• **What the task asks**: Which lines run from the one with "ORIHUELA COSTA - Costa Blanca" through the end of the data? Retype them exactly, without pictures.

• **Data shown**:
-=-=-

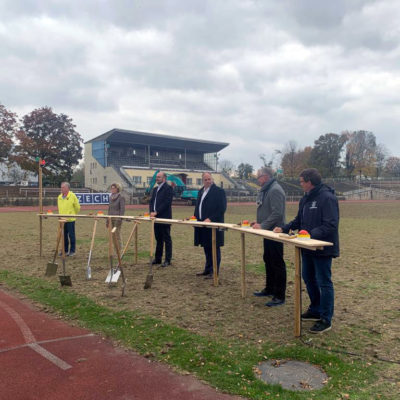 Grundsteinlegung zum Baubeginn am Heinz-Steyer-Stadion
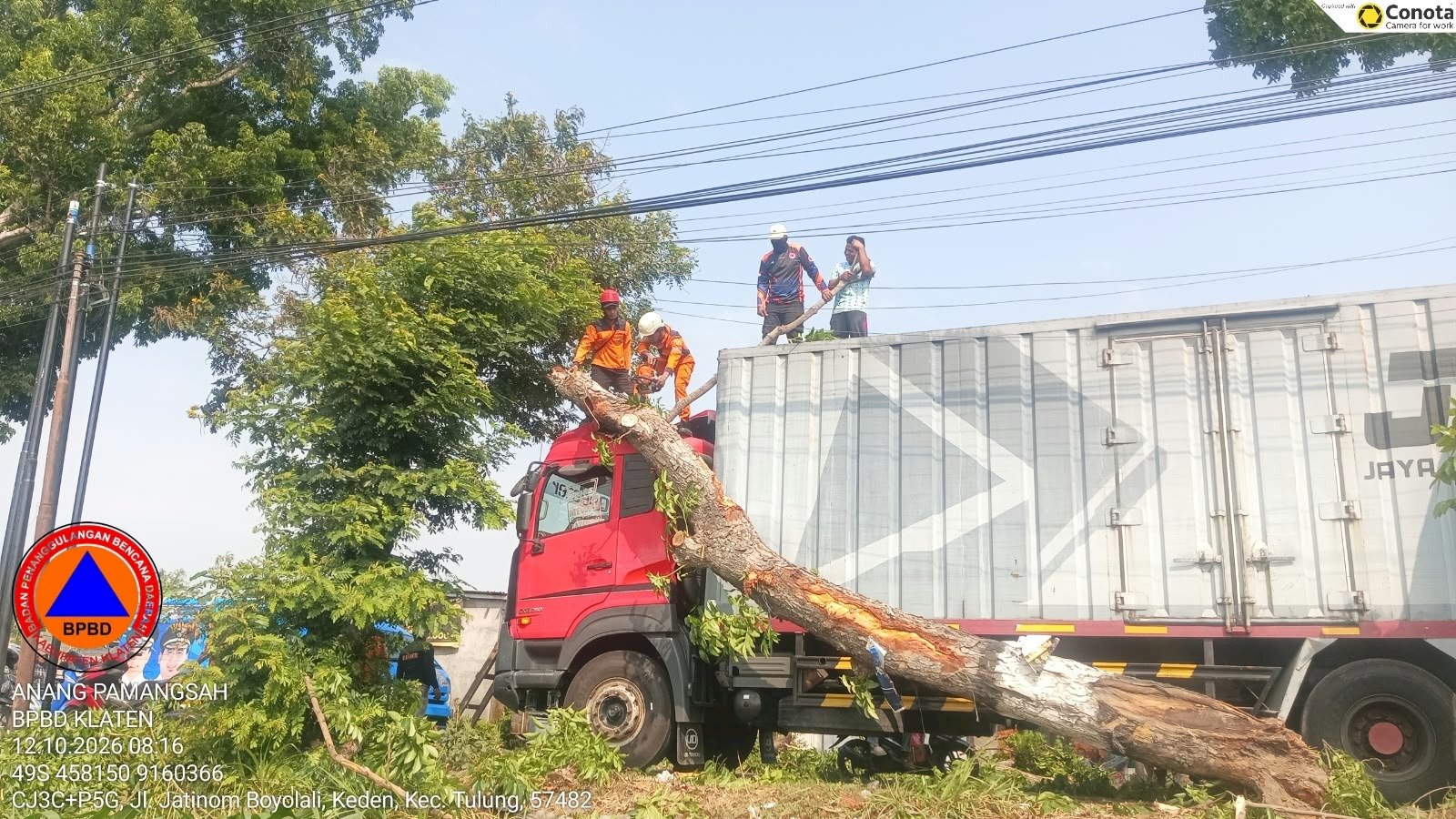 Pohon Tumbang tersangkut Bak Truk di Jl Jatinom - Boyolali, Desa Sorogaten, Kecamatan Tulung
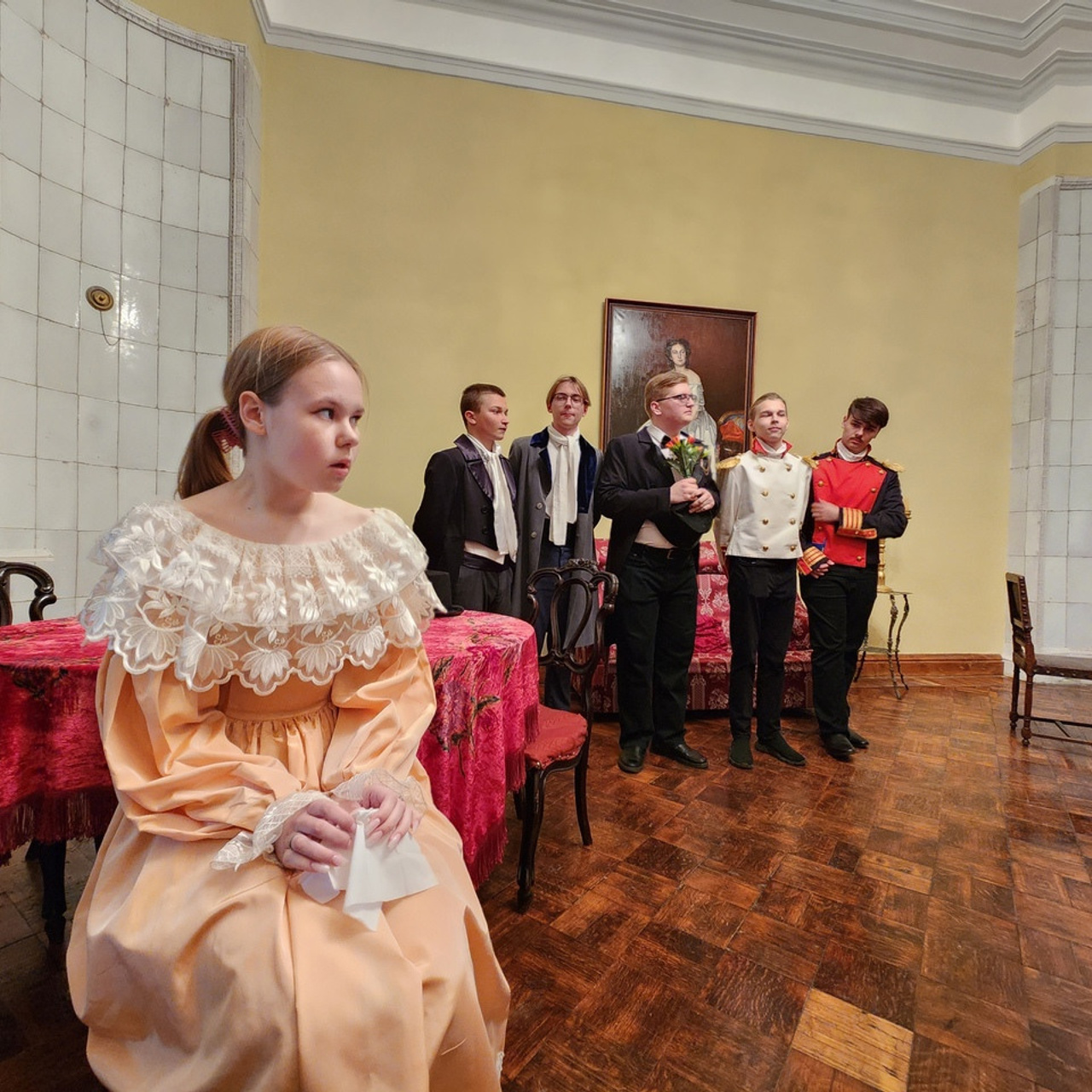 Разборчивая невеста в музее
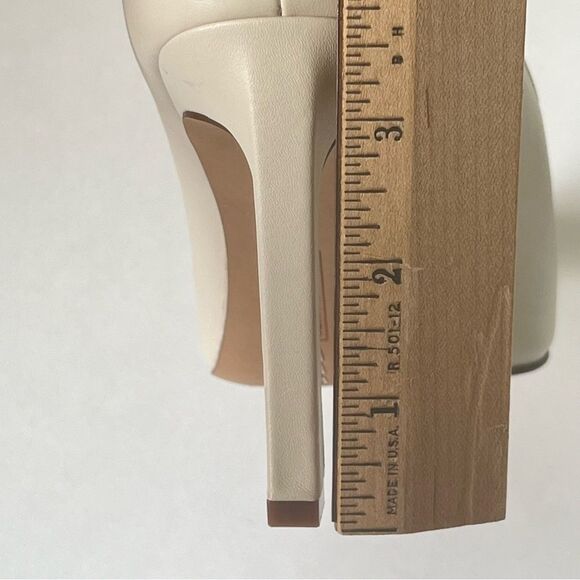 Vince Camuto Setenda Almond Milk Leather Pointed Toe Heeled Pumps Shoe Size 8.5 - Picture 14 of 16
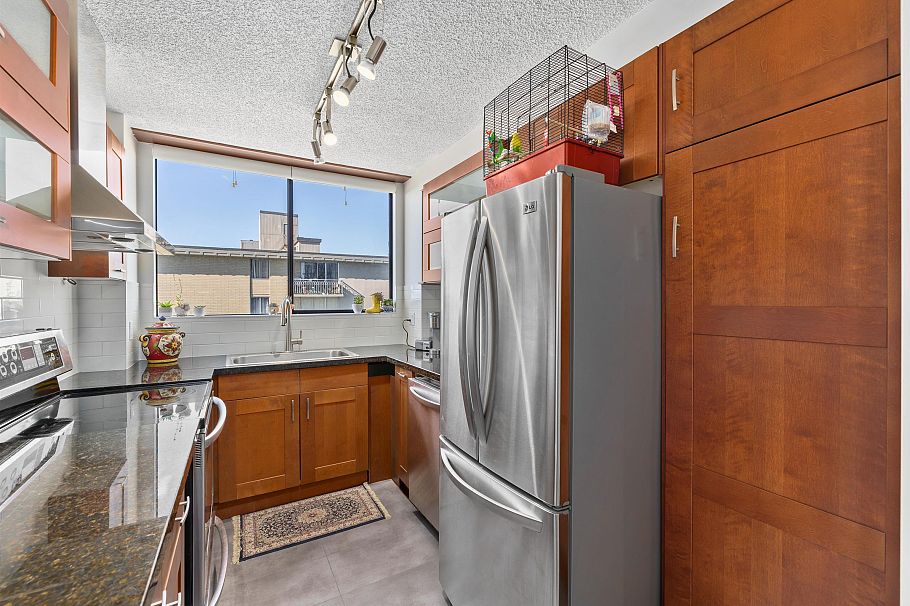 601 140 E Keith Road North Vancouver, BC - 10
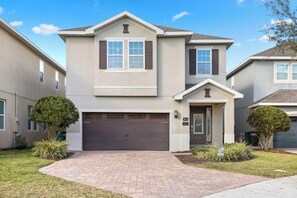 Exterior - 551 Villa 8BD Pool/Spa - Game room & Movie room (Kissimmee)
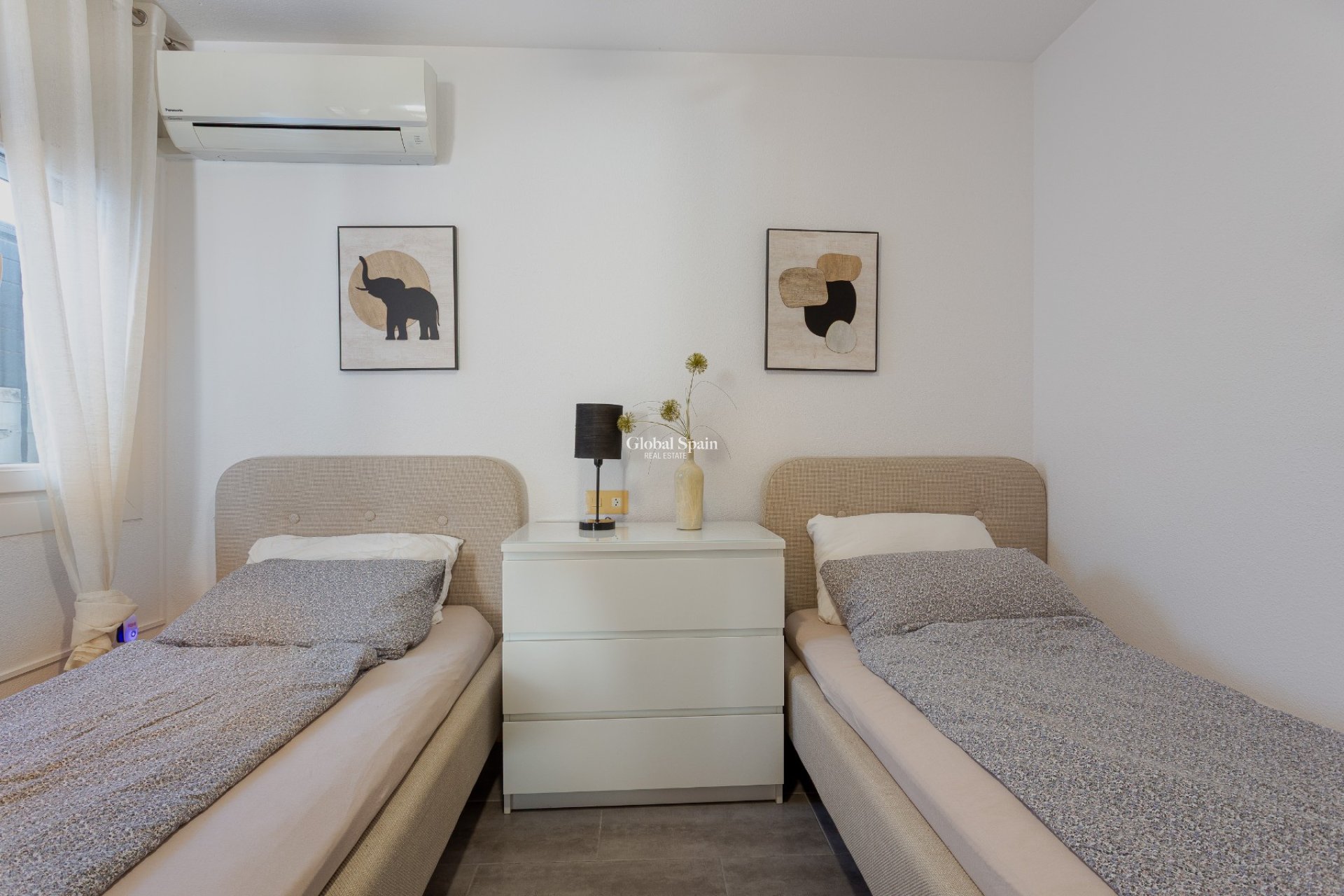 Resale - VILLA -
ORIHUELA COSTA - Costa Blanca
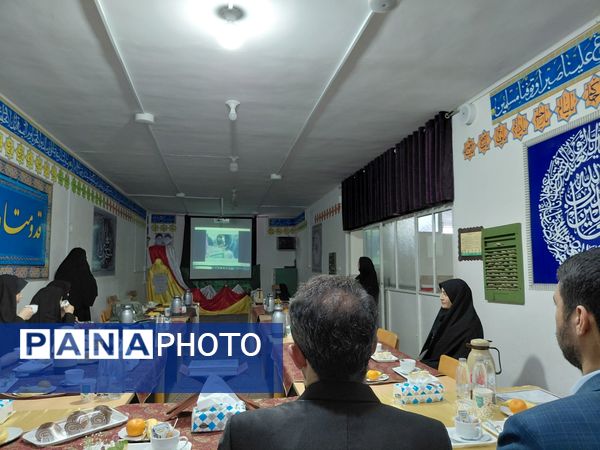 جلسه  مدیران متوسطه اول مدارس در دبیرستان شهرآرا دو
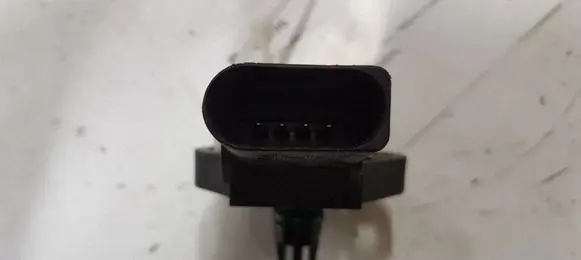 Volkswagen Touran I Air pressure sensor 038906051C 0281002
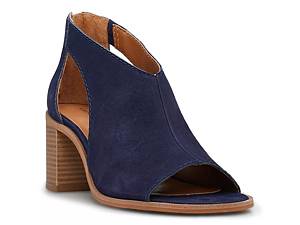 Lucky brand hot sale navy booties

-=-=-

• **Your response**:
ORIHUELA COSTA - Costa Blanca
 جلسه  مدیران متوسطه اول مدارس در دبیرستان شهرآرا دو
 Volkswagen Touran I Air pressure sensor 038906051C 0281002
 Lucky brand hot sale navy booties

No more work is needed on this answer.